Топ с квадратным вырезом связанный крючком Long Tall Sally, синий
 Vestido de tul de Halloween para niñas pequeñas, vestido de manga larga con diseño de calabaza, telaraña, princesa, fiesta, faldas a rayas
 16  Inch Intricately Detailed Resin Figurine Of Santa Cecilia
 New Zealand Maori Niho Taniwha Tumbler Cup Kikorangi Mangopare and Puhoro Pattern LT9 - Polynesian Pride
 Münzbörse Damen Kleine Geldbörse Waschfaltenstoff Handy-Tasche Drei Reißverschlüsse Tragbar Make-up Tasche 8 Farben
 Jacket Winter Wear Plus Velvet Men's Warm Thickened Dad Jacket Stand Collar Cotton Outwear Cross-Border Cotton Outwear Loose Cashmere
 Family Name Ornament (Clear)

▶ ASSIGNMENT: Every entry above needs to be duplicated exactly.

▶ WORKED SOLUTION:
Топ с квадратным вырезом связанный крючком Long Tall Sally, синий
 Vestido de tul de Halloween para niñas pequeñas, vestido de manga larga con diseño de calabaza, telaraña, princesa, fiesta, faldas a rayas
 16  Inch Intricately Detailed Resin Figurine Of Santa Cecilia
 New Zealand Maori Niho Taniwha Tumbler Cup Kikorangi Mangopare and Puhoro Pattern LT9 - Polynesian Pride
 Münzbörse Damen Kleine Geldbörse Waschfaltenstoff Handy-Tasche Drei Reißverschlüsse Tragbar Make-up Tasche 8 Farben
 Jacket Winter Wear Plus Velvet Men's Warm Thickened Dad Jacket Stand Collar Cotton Outwear Cross-Border Cotton Outwear Loose Cashmere
 Family Name Ornament (Clear)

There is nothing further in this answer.